Data shown:
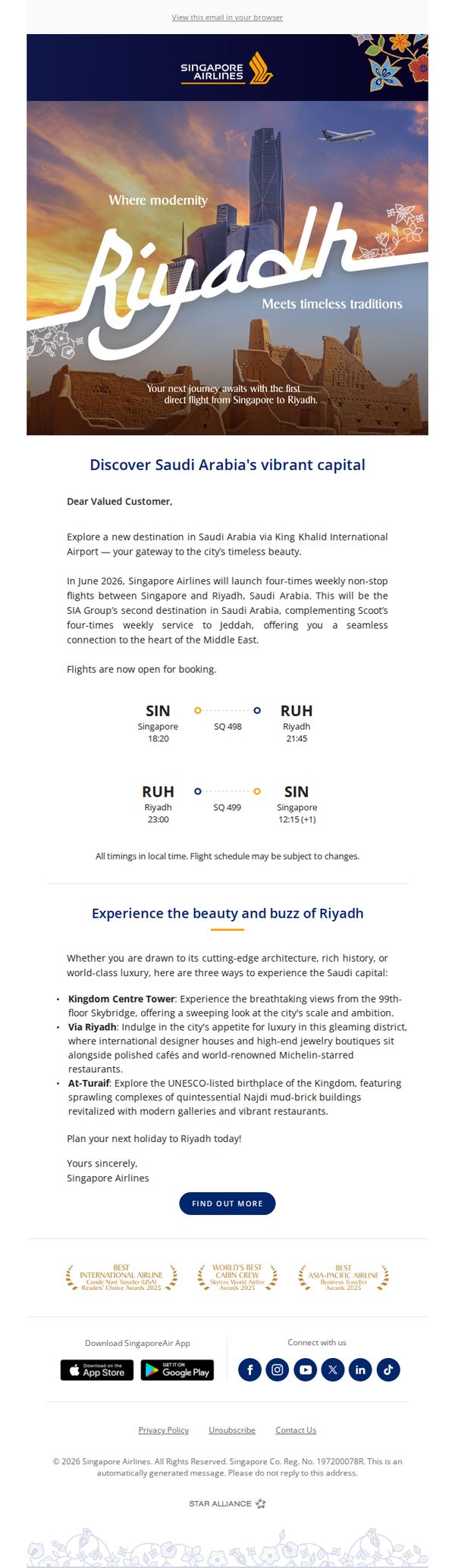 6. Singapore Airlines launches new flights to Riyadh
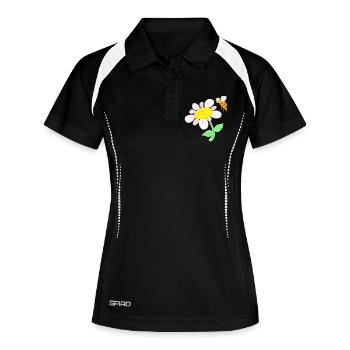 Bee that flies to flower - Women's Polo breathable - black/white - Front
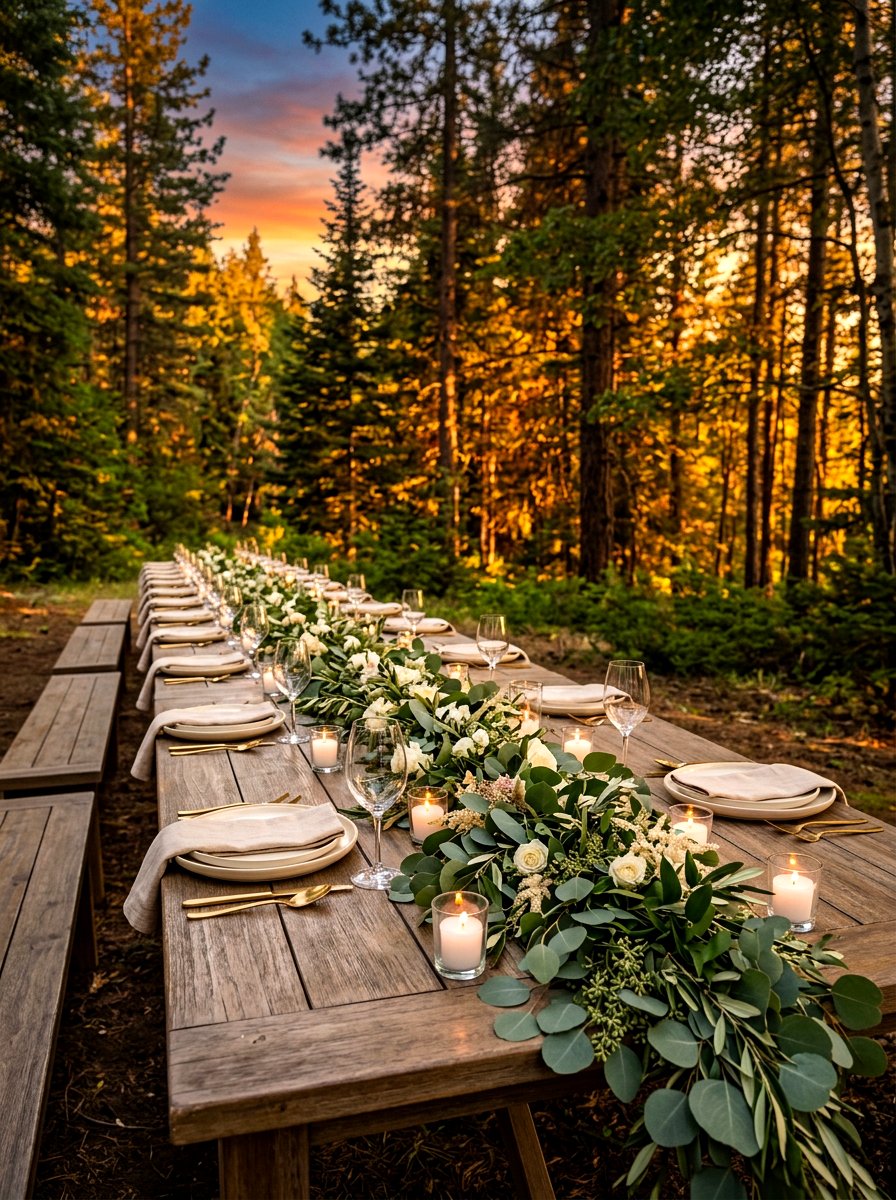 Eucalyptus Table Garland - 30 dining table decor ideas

Exercise objective: Please output the full listing above exactly, minus any pictures.

Task solution:
 6. Singapore Airlines launches new flights to Riyadh
 Bee that flies to flower - Women's Polo breathable - black/white - Front
 Eucalyptus Table Garland - 30 dining table decor ideas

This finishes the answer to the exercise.